Segment Start: SOURCE RECORDS

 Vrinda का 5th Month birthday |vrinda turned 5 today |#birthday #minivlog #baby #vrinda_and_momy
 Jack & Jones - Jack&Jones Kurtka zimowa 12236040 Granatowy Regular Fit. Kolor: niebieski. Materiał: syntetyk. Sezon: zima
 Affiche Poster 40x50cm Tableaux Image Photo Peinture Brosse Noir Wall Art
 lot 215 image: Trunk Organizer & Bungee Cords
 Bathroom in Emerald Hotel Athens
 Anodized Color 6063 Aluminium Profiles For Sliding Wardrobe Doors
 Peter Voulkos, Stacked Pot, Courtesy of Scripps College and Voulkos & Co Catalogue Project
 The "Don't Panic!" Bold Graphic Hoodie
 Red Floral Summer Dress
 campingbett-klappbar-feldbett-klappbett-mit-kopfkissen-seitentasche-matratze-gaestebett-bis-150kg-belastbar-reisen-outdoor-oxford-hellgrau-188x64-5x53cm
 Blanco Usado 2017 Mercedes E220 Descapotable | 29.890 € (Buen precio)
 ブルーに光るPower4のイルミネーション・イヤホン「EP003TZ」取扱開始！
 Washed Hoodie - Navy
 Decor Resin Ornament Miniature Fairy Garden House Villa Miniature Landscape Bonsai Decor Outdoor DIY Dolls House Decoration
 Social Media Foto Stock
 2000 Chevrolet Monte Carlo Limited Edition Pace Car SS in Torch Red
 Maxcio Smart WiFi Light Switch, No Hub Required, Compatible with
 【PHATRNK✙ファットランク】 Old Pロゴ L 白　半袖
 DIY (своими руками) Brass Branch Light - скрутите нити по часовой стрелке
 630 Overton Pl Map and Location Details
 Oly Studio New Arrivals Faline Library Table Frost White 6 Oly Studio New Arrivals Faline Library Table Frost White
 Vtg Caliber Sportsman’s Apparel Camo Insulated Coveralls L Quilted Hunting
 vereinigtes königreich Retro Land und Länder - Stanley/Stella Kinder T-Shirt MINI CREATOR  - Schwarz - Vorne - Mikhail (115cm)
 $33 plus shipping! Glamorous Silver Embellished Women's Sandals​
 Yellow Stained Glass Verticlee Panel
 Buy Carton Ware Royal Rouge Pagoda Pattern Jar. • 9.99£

Segment End: SOURCE RECORDS

• _WHAT TO DO_: Starting at the first line of the records, print each line exactly, stopping after the line that contains "Red Floral Summer Dress".

• _SOLUTION FOR THIS PROBLEM_:
 Vrinda का 5th Month birthday |vrinda turned 5 today |#birthday #minivlog #baby #vrinda_and_momy
 Jack & Jones - Jack&Jones Kurtka zimowa 12236040 Granatowy Regular Fit. Kolor: niebieski. Materiał: syntetyk. Sezon: zima
 Affiche Poster 40x50cm Tableaux Image Photo Peinture Brosse Noir Wall Art
 lot 215 image: Trunk Organizer & Bungee Cords
 Bathroom in Emerald Hotel Athens
 Anodized Color 6063 Aluminium Profiles For Sliding Wardrobe Doors
 Peter Voulkos, Stacked Pot, Courtesy of Scripps College and Voulkos & Co Catalogue Project
 The "Don't Panic!" Bold Graphic Hoodie
 Red Floral Summer Dress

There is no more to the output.